WHAT YOU ARE ASKED TO DO:
Only the text should come through, so restate the listing exactly and drop its images.

*** Opening of DATA EXTRACT ***

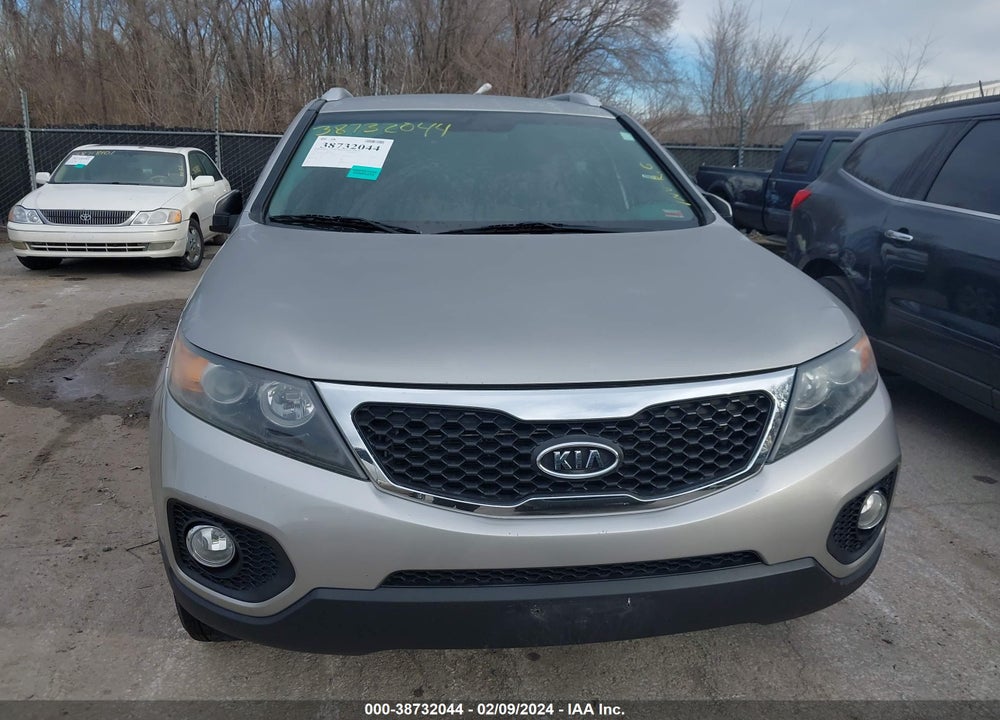 2013 KIA SORENTO LX VIN: 5XYKT3A66DG396908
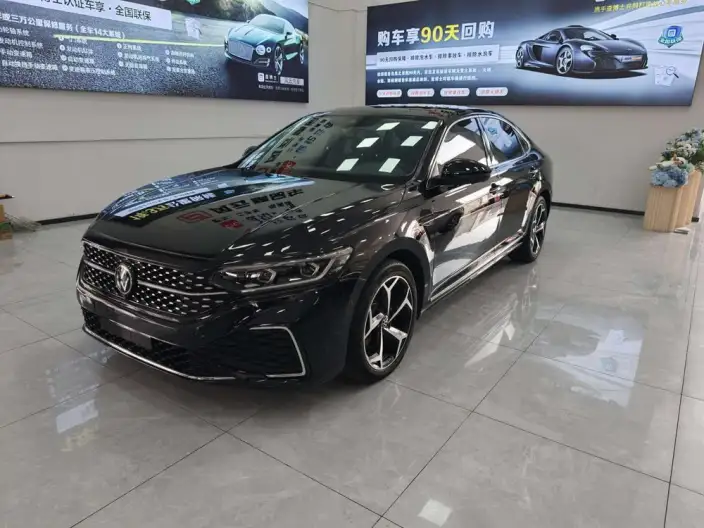 Volkswagen Passat 2023 Model Facelift 330TSI Starry sky Deluxe Edition – фото 1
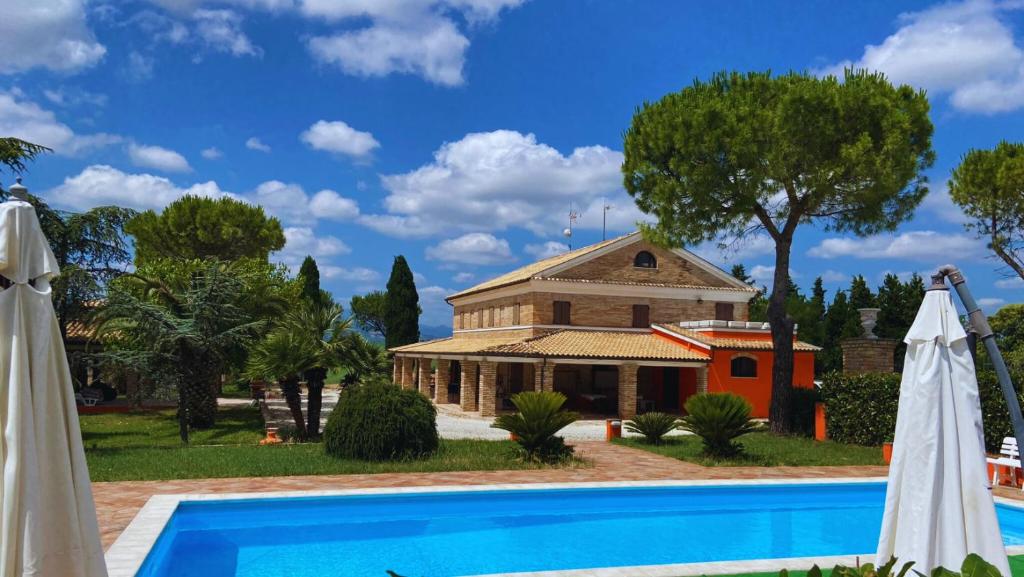 een villa met een zwembad en een huis bij Casale Monte Amato in Tornasano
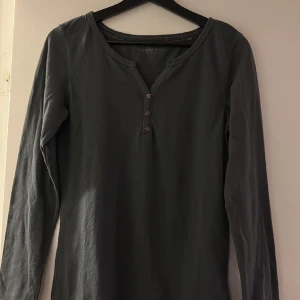 Långärmad tröja med knappar 🫶 - Riktigt unik fin långärmad tröja med blanka lila-grå knappar, i samma stuk som den ikoniska brandy tröjan 🫶 Är i storlek S och passar Xs-M bra beroende på vilken passform man vill ha (: hör av dig om frågor / bilder!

*** Close of DATA EXTRACT ***

ANSWER TO THIS PROBLEM:
 2013 KIA SORENTO LX VIN: 5XYKT3A66DG396908
 Volkswagen Passat 2023 Model Facelift 330TSI Starry sky Deluxe Edition – фото 1
 een villa met een zwembad en een huis bij Casale Monte Amato in Tornasano
 Långärmad tröja med knappar 🫶 - Riktigt unik fin långärmad tröja med blanka lila-grå knappar, i samma stuk som den ikoniska brandy tröjan 🫶 Är i storlek S och passar Xs-M bra beroende på vilken passform man vill ha (: hör av dig om frågor / bilder!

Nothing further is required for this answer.